Deploy Private Azure Managed Endpoint with Custom Environment

Alexandra Posoldova
Jul 21, 2023
5 min read

Updated: Oct 1

Azure released a new version of Machine Learning library that is completely different from its earlier SDK. Whit this release, Managed Endpoint came out of public preview to full release and I am very excited to share this tutorial on how to deploy a Machine Learning model as web service using Managed Endpoint and a custom Docker environment.

But first, let me explain why Managed Endpoint is the new hot way to consume your predictions and what other options Azure has to offer. Before Managed Endpoint was publicly released, there were two options for the ML model to be consumed in real time as a web service:

ACI — Using Azure Container Instances, you can deploy a model to a fixed size container instance. The set up is fairly simple, but this type of deployment is not recommended for production use, because its limited configuration. This deployment lacks secure networking configuration and cannot be scaled. More about this deployment can be found here. The code for deploying this web service can be found in my git.
Kubernetes — Azure offers python SDK to deploy a model on a Kuberentes cluster. Kubernetes solves all of the problems of the ACI and it better suited for production. Despite the complexity of Kubernetes, the deployment code using azureml sdk is fairly simple. If your cloud infrastructure has a simple network set up, this service might be for you. But if your network includes a number of subnets, there will be a lot of network related issues to figure out to make the kubernetes web service functional.

Managed Endpoint has the best of both worlds. It is easy to deploy, scalable and network configurable without the networking struggles that come with kubernetes.

Private Managed Endpoint Deployment

The new azureml SDK uses clients to interact with services and entities to perform operations of these services. This set up is more consistent with the rest of the azure infrastructure than was the previous version of azureml SDK.

Following code imports the necessary libraries and sets up the MLclient to gain access to ML Workspace where the ML model is registered.

# import required libraries
from azure.ai.ml import MLClient
from azure.ai.ml.entities import (
    ManagedOnlineEndpoint,
    ManagedOnlineDeployment,
    Model,
    Environment,
    CodeConfiguration,
)
from azure.identity import DefaultAzureCredential

Use DefaultAzureCredential to get authorisation token. If you log in using your account, this token will be fetched using AD. If you are deploying this service from AzureDevops, you will need Service Principal credentials available during deployment using following naming convention: AZURE_CLIENT_ID, AZURE_TENANT_ID, AZURE_CLIENT_SECRET. More on service principal here.
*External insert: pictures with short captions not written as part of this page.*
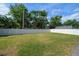 Huge, grassy backyard surrounded by a tall privacy fence, providing a secure and expansive outdoor space at 4014 W Swann Ave, Tampa, FL 33609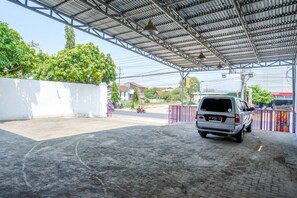 Un área de estacionamiento techada con una camioneta blanca estacionada bajo un techo metálico, rodeada de pavimento y una valla.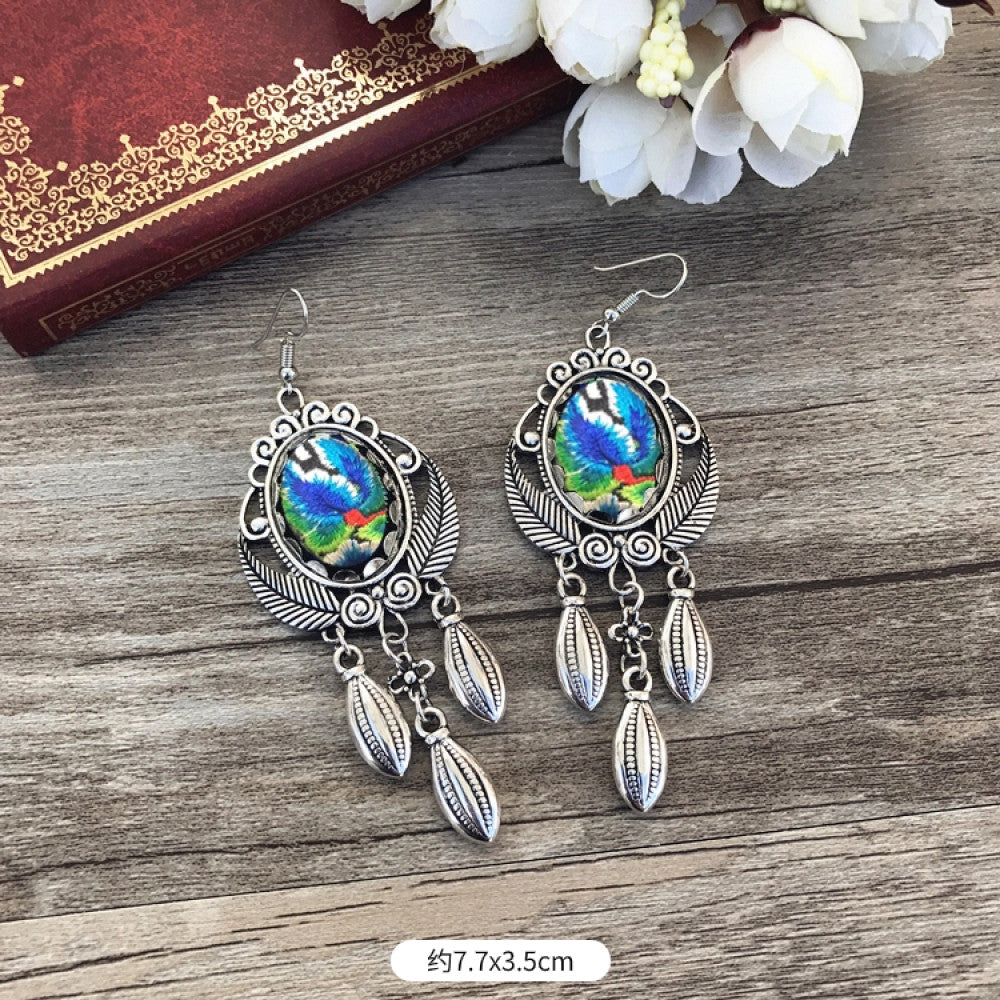 Boho vintage ethnic silver-tone earrings set (displayed on a wooden surface with a patterned notebook background) featuring embroidered lotus details and layered silver bell fringe pendants 02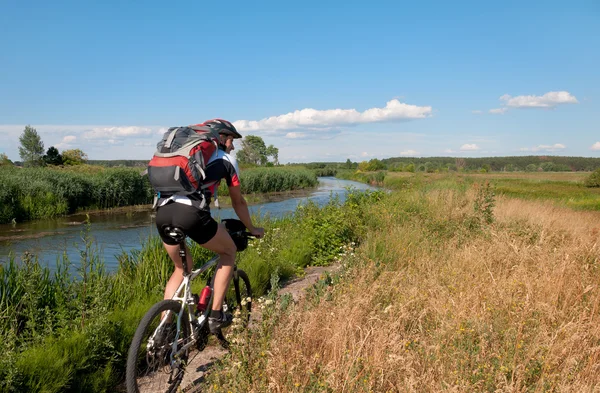 Ciclista de montaña junto a un hermoso río — Foto de Stock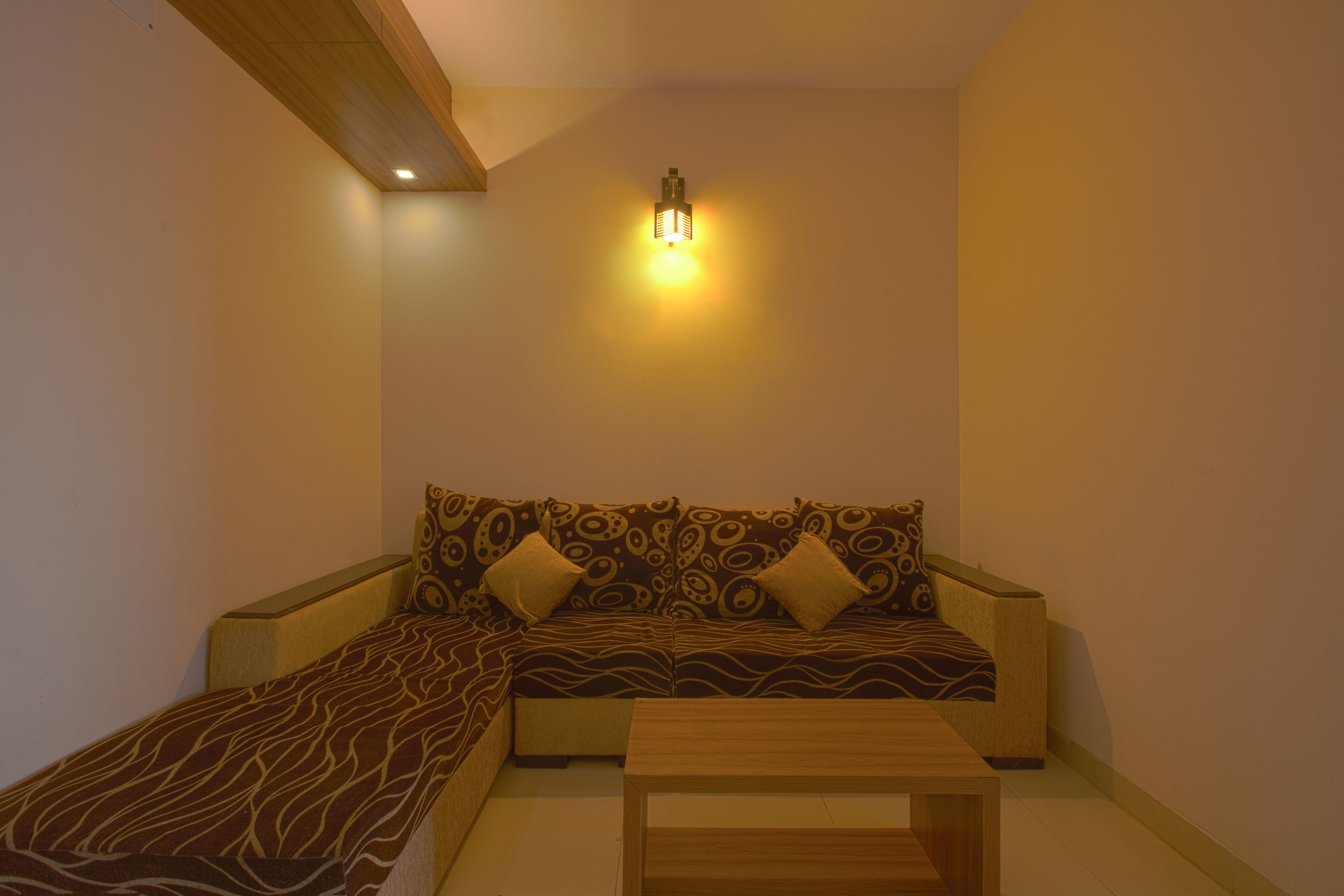A modern living room with a sofa, a coffee table, and a wall-mounted light fixture.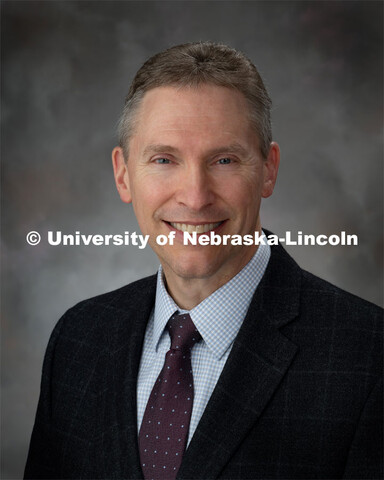 Studio portrait of Steven Booton, University Registrar. March 28, 2019. 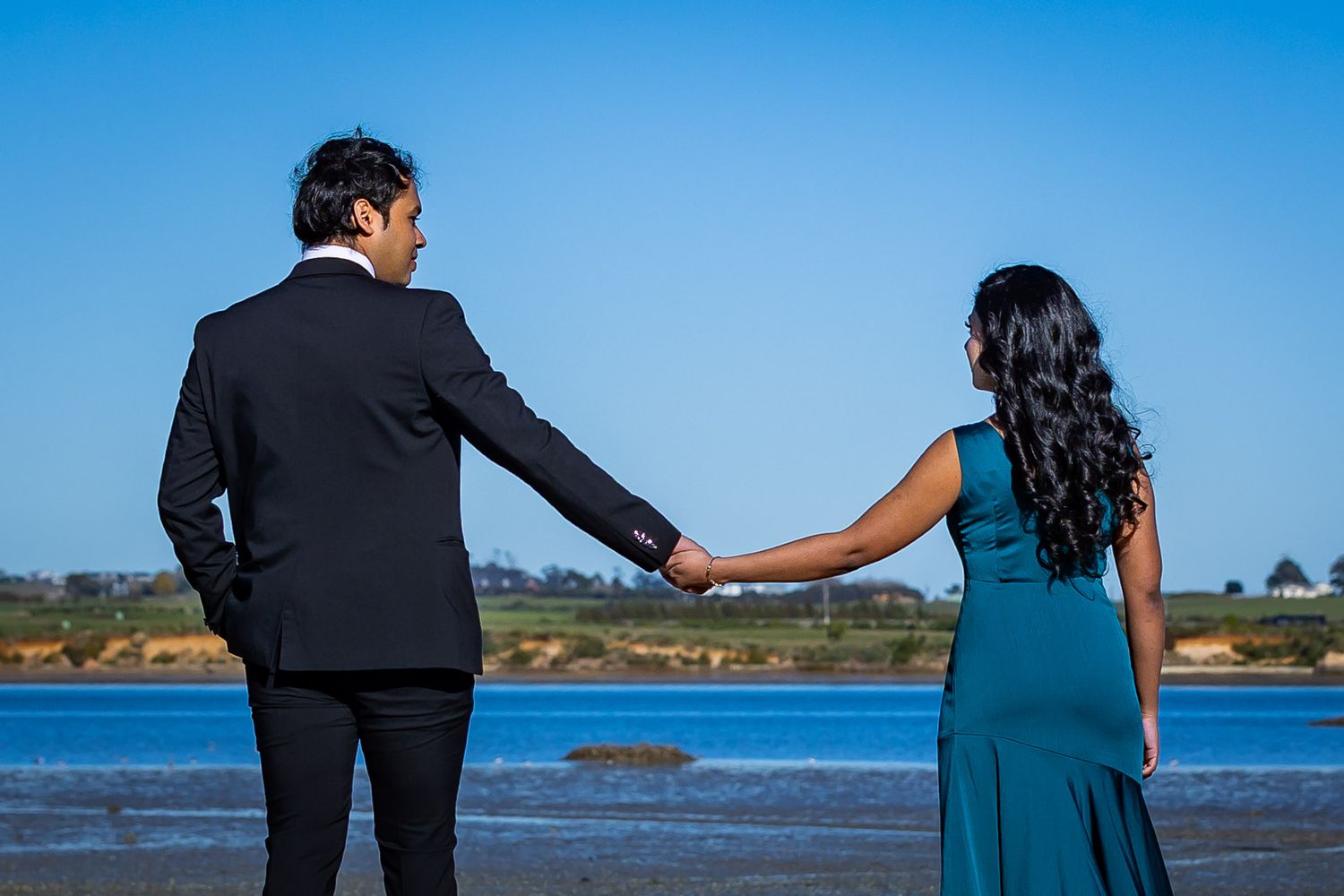 Couple in formal attire holding hands while gazing at a serene blue ocean under a clear sky.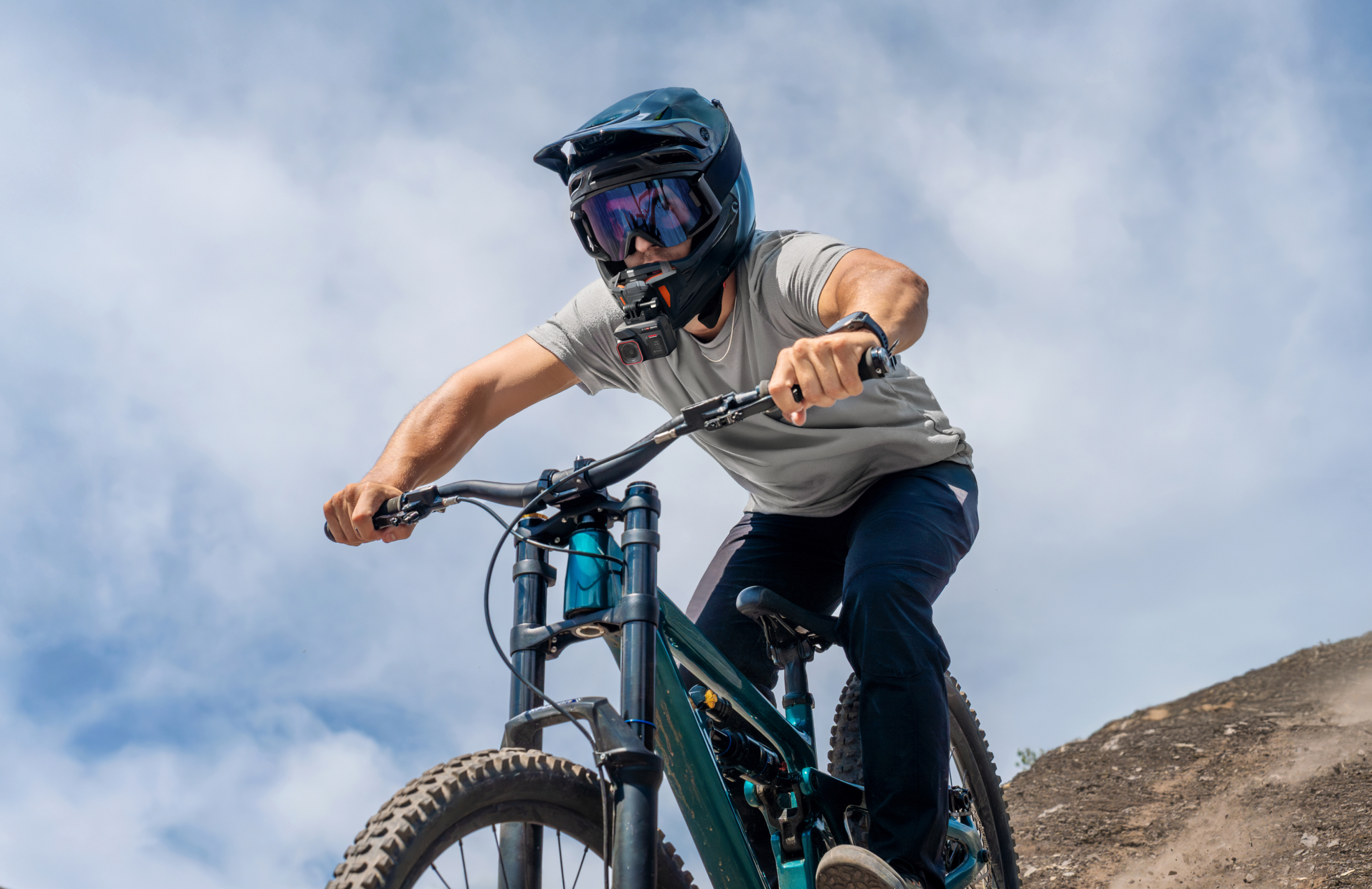 Insta360 Ace Pro 2 mounted onto a mountain biker's helmet.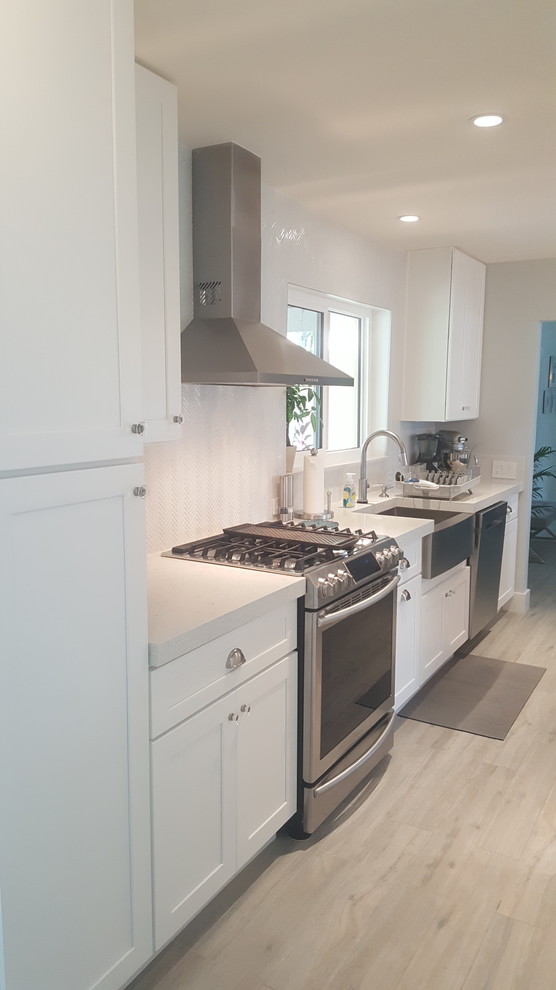 Enclosed kitchen - large transitional single-wall light wood floor and beige floor enclosed kitchen idea in Miami with a farmhouse sink, shaker cabinets, white cabinets, solid surface countertops, white backsplash, wood backsplash, stainless steel appliances and an island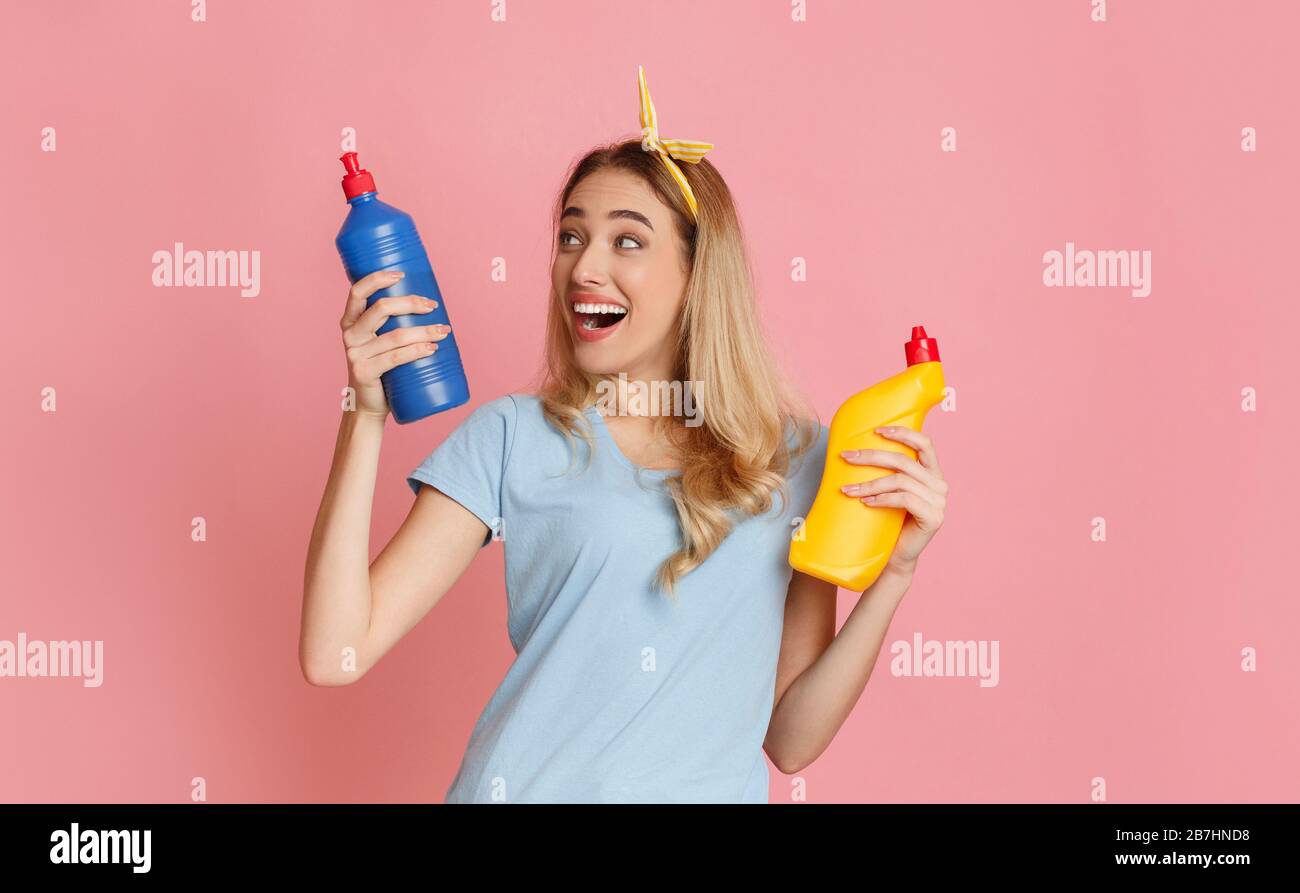 Das lachende Mädchen wählt eine Flasche Reinigungsmittel Stockfoto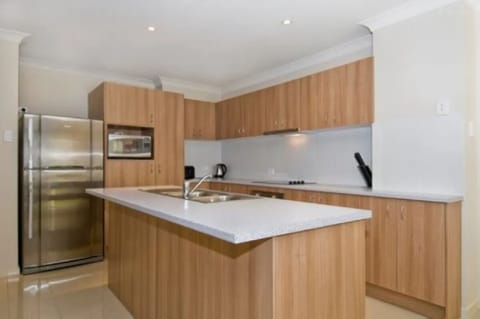 Three Bedroom Townhouse | Private kitchen | Fridge, microwave, oven, stovetop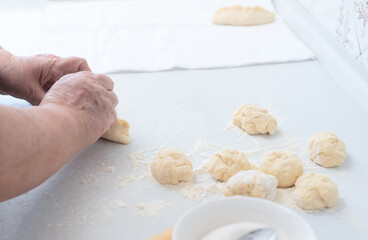Senior woman hands making pies with apple filling on a white kitchen table with wooden rolling pin on background. Selective focus. Cooking at home concept. Tradition home-made food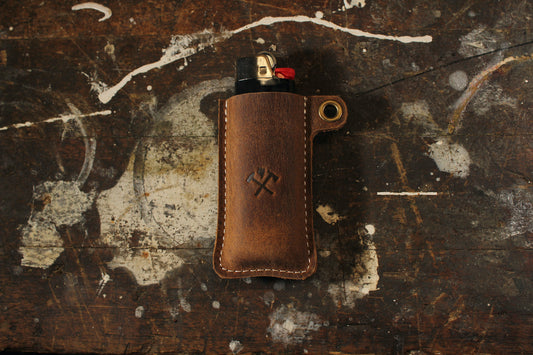 Leather lighter sleeve with Oak and Anvil logo on work bench 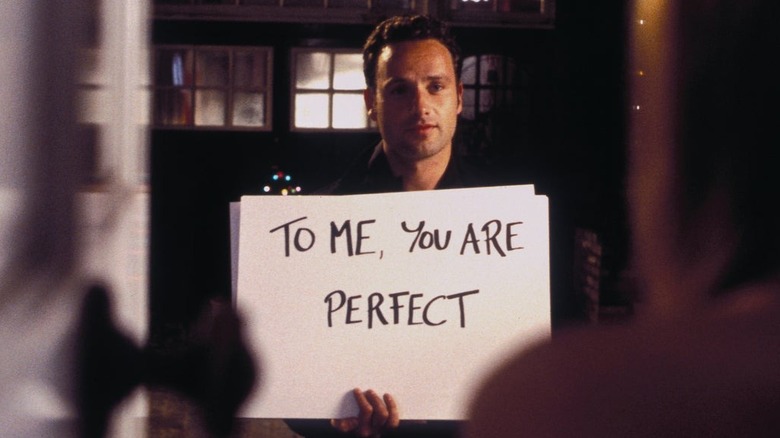 Mark from Love Actually holding cue cards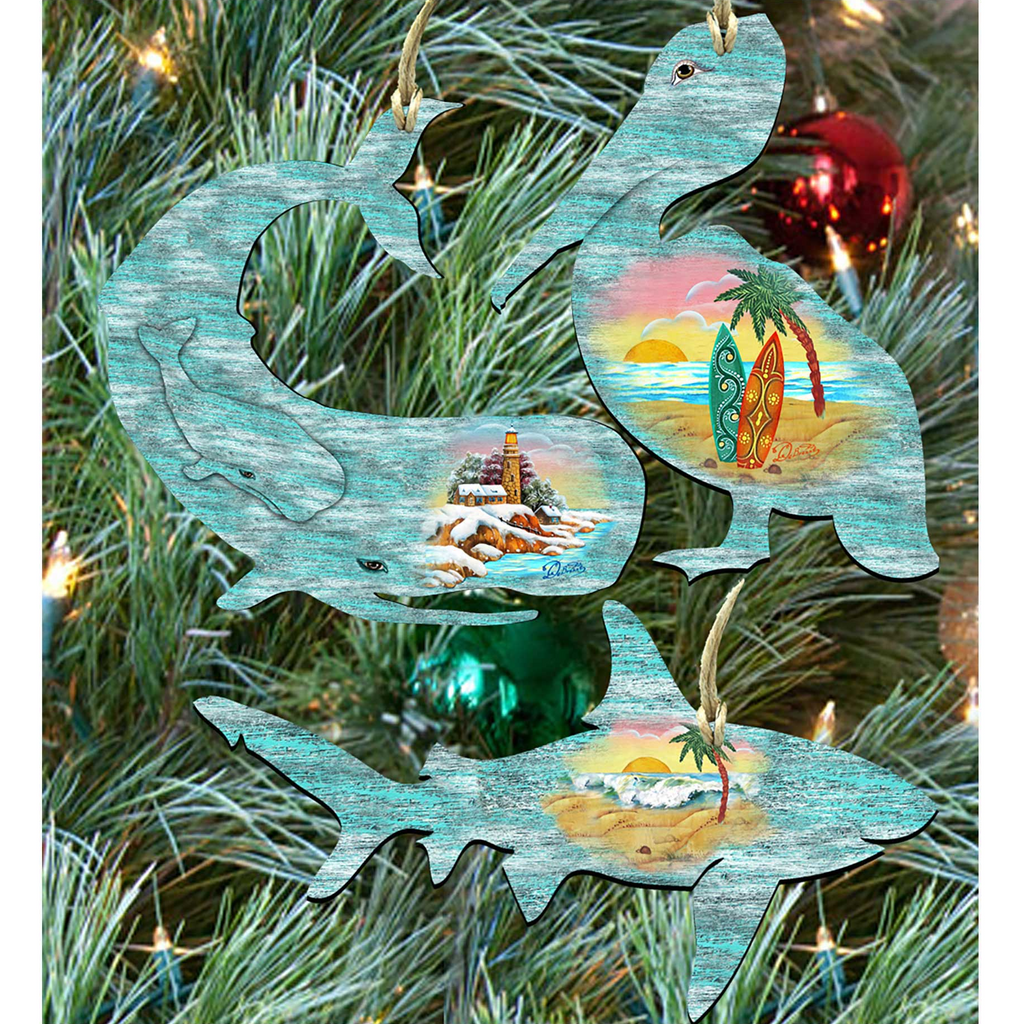 A Christmas tree decorated with various ornaments, including a large blue whale, a palm tree, and a surfer.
def get_ml_client(env_variables):
"""
Get authentication token to access MLClient resource. ML CLient is defined by 
following ML workspace variables: subscription id, resourcegroup and workspace name.
Args:
  env_variables (dict): environment variables containding subscription id, 
                resorce group and workspace name used to establish MLCient. 
"""

    credential = DefaultAzureCredential(exclude_shared_token_cache_credential=True)
    ml_client = MLClient(
        credential, env_variables['WS_SUBSCRIPTION_ID'], env_variables['WS_RESOURCE_GROUP'], env_variables['WS_NAME']
    )

    return ml_client

Following function sets up and deploys a private managed endpoint using a small size instance to run. Notice that the endpoint has public_network_accessset to “enabled” while the egress_public_network_access is “disabled”. Public network access parameter in the ManagedOnlineEndpoit function allows the endpoint to be called from outside of the private network setup. While the egress_public_network_access parameter in the ManagedOnlineDeployment manages endpoint’s access to azure resources. If your ML workspace disables public network access, your endpoint deployment must also disable public network access. This type of set up creates a private secure endpoint through wich azure resources are accessed.

def deploy_webservice(ml_client, env_variables):
    """
    Deploys azure managed endpoint as a private endpoint.
    Args:
        ml_client (azure.ai.ml.MLClient): azure MLClient resource
        env_variables (dict): environment variables
    """

    env = ml_client.environments.get(env_variables['RUN_ENV_NAME'], version=env_variables['RUN_ENV_VERSION'])
    print('updated webservice name ', env)
    model = ml_client.models.get(env_variables['MODEL_NAME'], version=env_variables['MODEL_VERSION'])
    endpoint_name = env_variables['ENDPOINT_NAME']
    source_directory = os.path.join(os.getcwd(), os.environ['ARTIFACT_PATH'], 'src')

    # create an online endpoint
    private_endpoint = ManagedOnlineEndpoint(
        name=endpoint_name,
        description="this is a sample online endpoint",
        auth_mode="key",
        public_network_access="enabled",
        tags={"foo": "bar"}
    )

    private_deployment = ManagedOnlineDeployment(name=f'{endpoint_name}-deployment',
                                                 endpoint_name=endpoint_name,
                                                 model=model,
                                                 code_configuration=CodeConfiguration(
                                                     code=source_directory, scoring_script="score.py"
                                                 ),
                                                 environment=env,
                                                 instance_type='Standard_DS3_v2',
                                                 instance_count=1,
                                                 egress_public_network_access="disabled"
                                                 )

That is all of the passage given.